### Exercise input

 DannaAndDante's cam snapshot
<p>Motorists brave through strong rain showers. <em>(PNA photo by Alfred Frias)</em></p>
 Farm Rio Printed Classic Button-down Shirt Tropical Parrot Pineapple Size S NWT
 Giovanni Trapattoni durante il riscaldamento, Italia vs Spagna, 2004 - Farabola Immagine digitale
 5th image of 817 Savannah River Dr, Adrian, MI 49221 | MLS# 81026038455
--
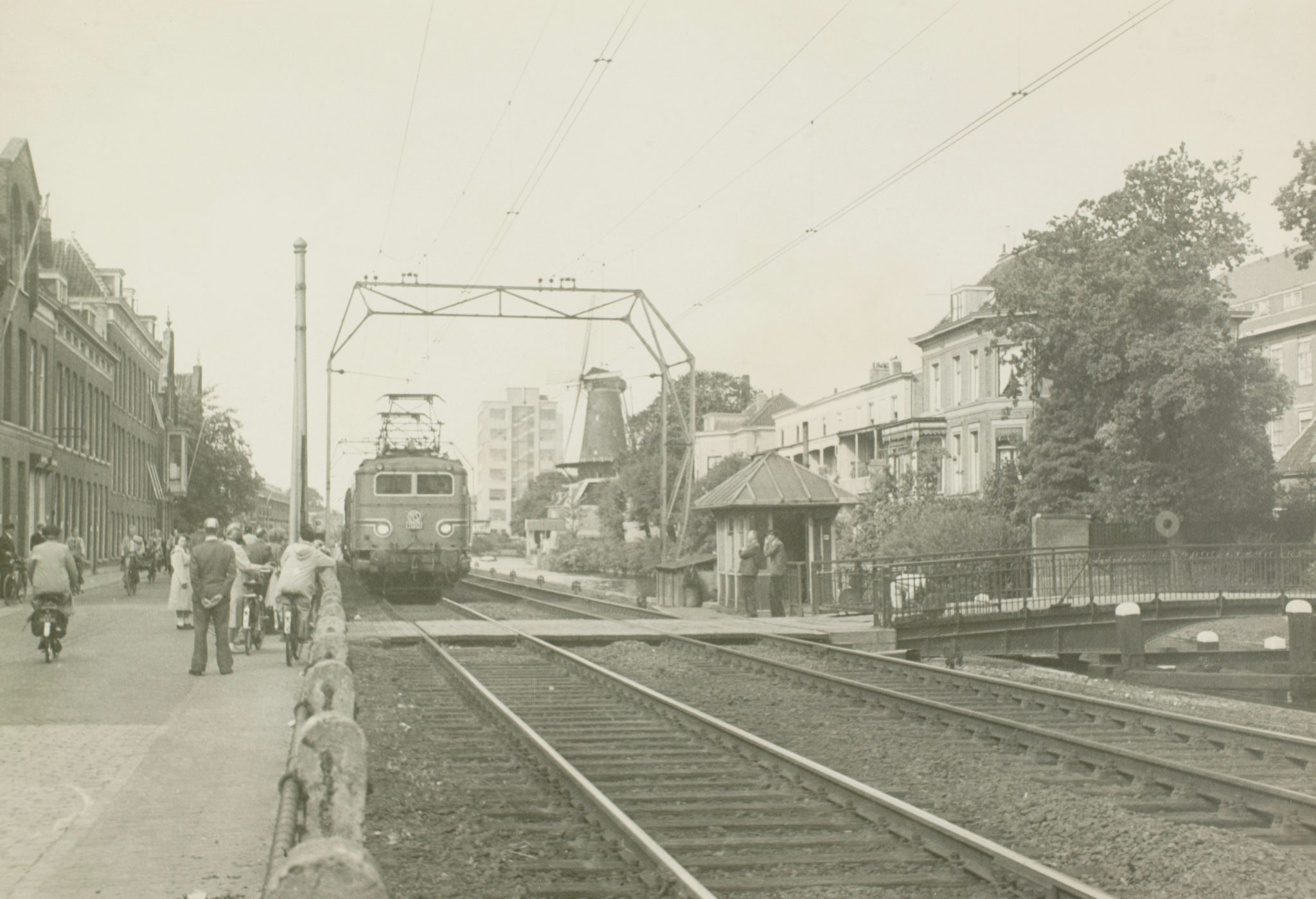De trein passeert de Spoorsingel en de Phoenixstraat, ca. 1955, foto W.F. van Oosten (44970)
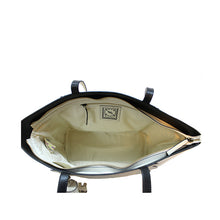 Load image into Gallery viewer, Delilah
==
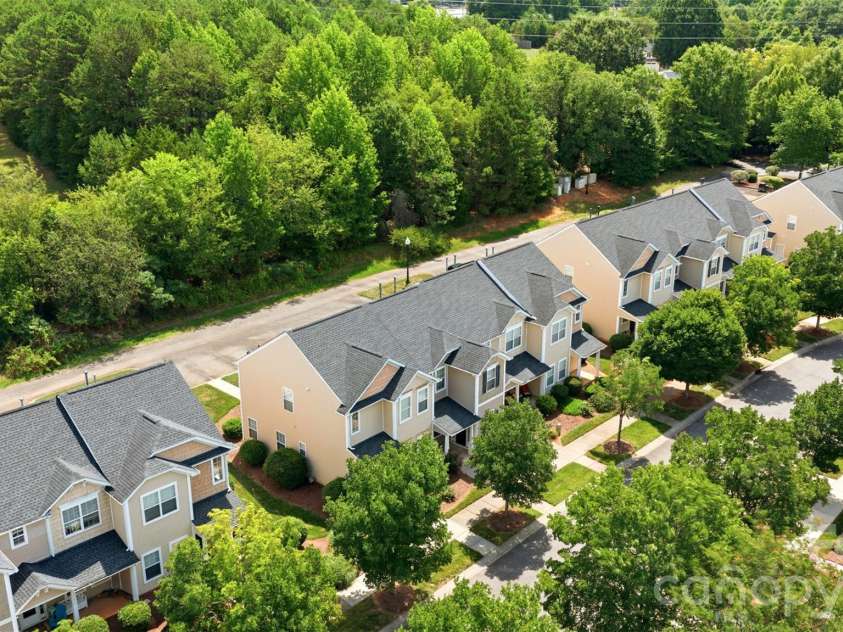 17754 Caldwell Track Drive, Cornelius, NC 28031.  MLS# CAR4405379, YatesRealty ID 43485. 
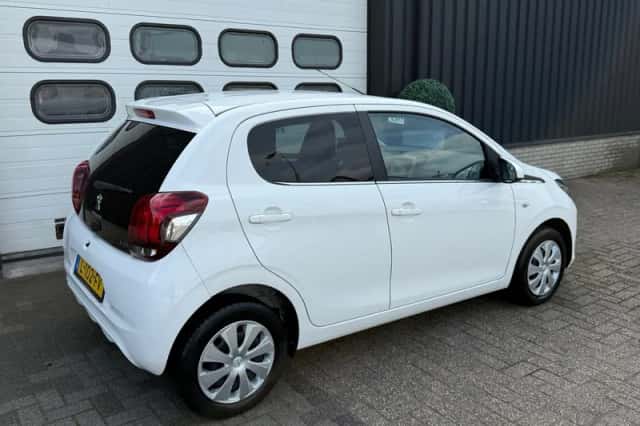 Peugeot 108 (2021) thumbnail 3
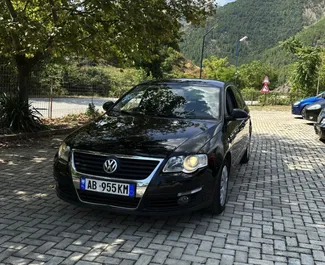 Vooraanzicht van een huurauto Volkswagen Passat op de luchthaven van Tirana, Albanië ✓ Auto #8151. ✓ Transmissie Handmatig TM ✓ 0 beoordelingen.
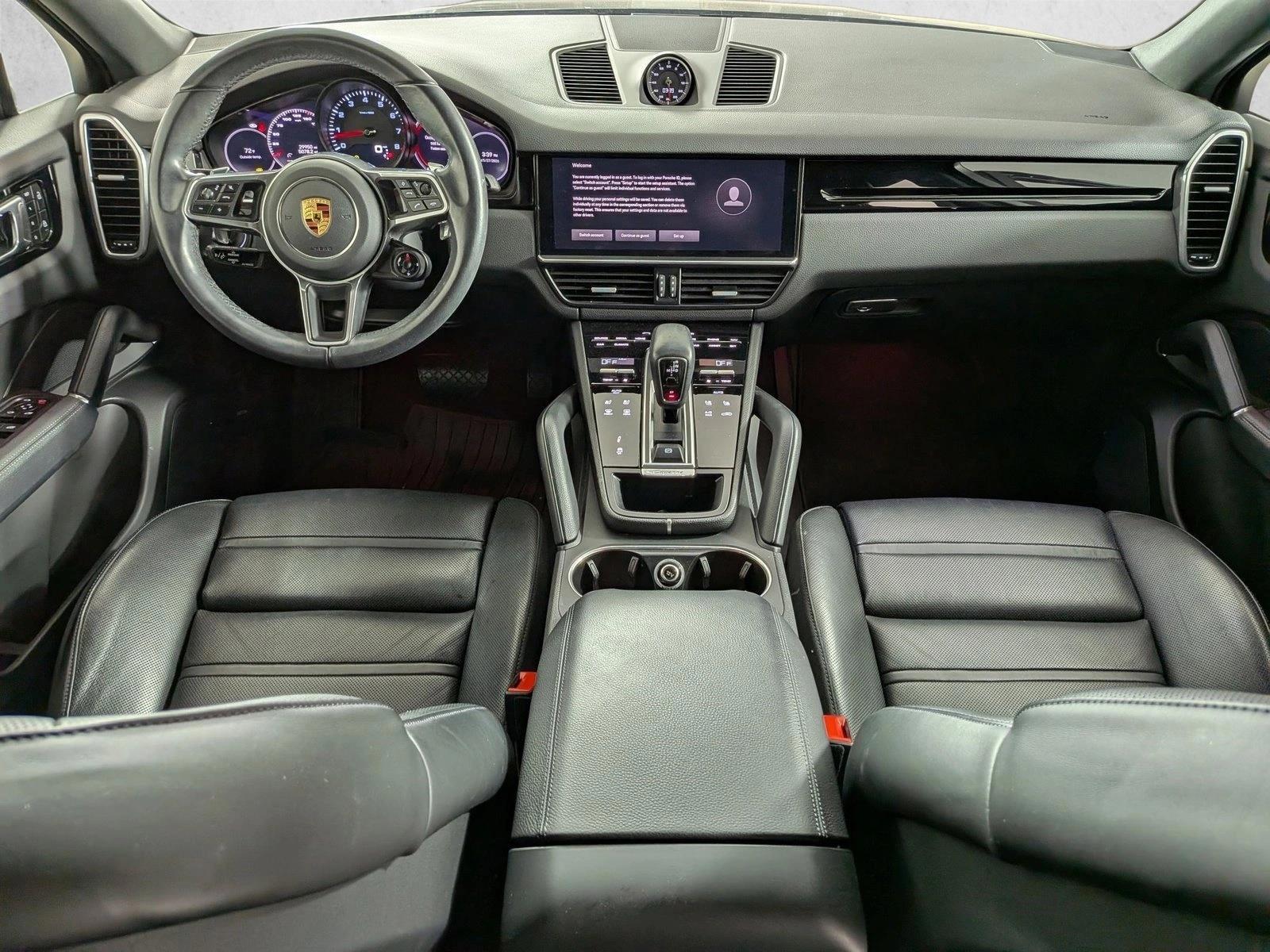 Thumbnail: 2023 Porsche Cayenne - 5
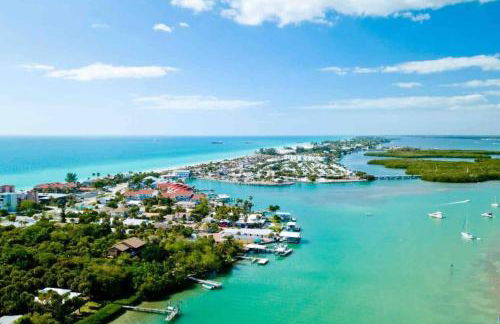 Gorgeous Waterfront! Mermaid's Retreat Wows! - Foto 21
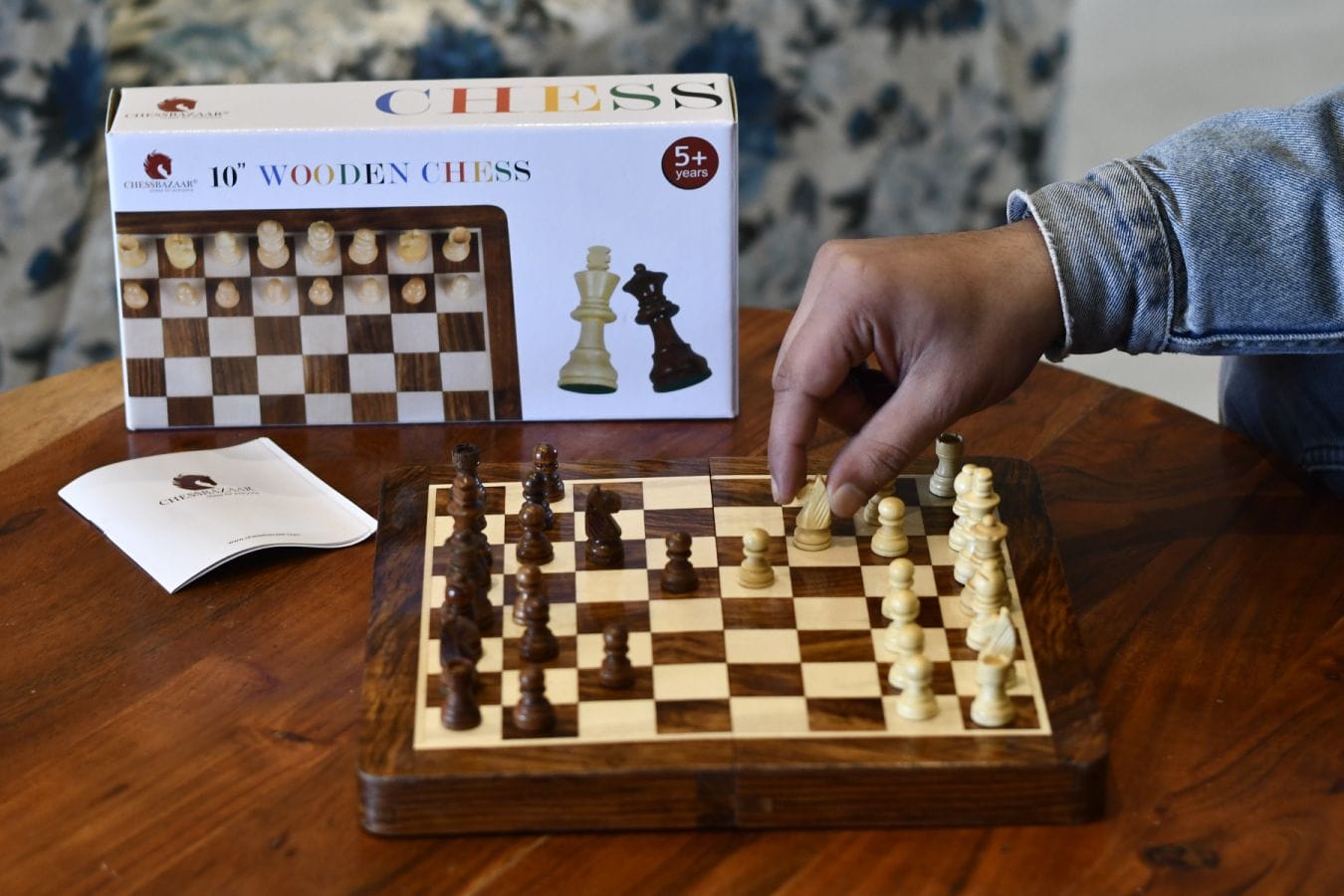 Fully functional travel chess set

### Try it
The expected answer is an exact copy of the lines above, beginning at the line with "Farm Rio Printed" and ending at the line with "5th image of", with both ends in.

### Result of this exercise
 Farm Rio Printed Classic Button-down Shirt Tropical Parrot Pineapple Size S NWT
 Giovanni Trapattoni durante il riscaldamento, Italia vs Spagna, 2004 - Farabola Immagine digitale
 5th image of 817 Savannah River Dr, Adrian, MI 49221 | MLS# 81026038455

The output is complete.